**Records**
───
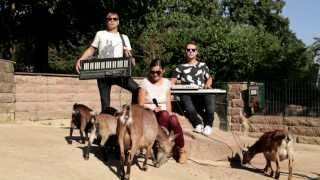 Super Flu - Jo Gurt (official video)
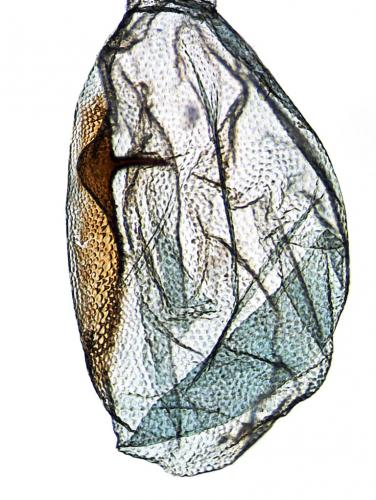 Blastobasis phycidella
───
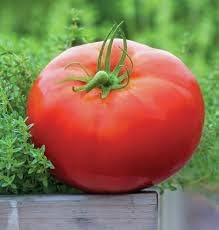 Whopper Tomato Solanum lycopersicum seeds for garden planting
───
**Aim of the task**
Now transcribe the lines above exactly, starting at the line containing "Super Flu - Jo Gurt (official video)" and ending at the line containing "Blastobasis phycidella", both lines included, pictures excluded.

**Solution to this problem**
 Super Flu - Jo Gurt (official video)
 Blastobasis phycidella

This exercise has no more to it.